Brief descriptive captions:
----------------------------------------
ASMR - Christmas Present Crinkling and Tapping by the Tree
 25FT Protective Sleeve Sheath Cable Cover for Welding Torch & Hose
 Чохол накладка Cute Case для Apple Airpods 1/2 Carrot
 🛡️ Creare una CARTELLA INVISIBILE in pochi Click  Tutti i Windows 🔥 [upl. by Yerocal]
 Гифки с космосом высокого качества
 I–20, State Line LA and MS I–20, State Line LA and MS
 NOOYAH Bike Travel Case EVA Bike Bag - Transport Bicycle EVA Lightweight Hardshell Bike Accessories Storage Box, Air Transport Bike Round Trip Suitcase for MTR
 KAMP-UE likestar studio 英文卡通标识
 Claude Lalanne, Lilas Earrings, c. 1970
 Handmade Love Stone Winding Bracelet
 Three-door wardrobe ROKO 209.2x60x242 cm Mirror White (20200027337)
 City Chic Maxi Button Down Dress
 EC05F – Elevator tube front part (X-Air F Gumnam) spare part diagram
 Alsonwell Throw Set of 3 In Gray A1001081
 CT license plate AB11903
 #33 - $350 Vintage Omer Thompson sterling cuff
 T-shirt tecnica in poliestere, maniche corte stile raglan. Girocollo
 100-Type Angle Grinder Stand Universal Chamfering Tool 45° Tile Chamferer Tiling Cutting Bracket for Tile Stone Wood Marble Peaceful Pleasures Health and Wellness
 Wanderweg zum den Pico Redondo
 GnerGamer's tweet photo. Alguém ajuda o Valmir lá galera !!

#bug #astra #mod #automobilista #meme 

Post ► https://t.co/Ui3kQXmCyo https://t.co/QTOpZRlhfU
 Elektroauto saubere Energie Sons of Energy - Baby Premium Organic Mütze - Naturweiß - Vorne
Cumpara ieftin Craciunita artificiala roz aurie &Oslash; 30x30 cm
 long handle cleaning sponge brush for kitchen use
----------------------------------------
Your goal:
How many lines of the entries include the string "Case"? Answer with a number and no other words.

Written response:
2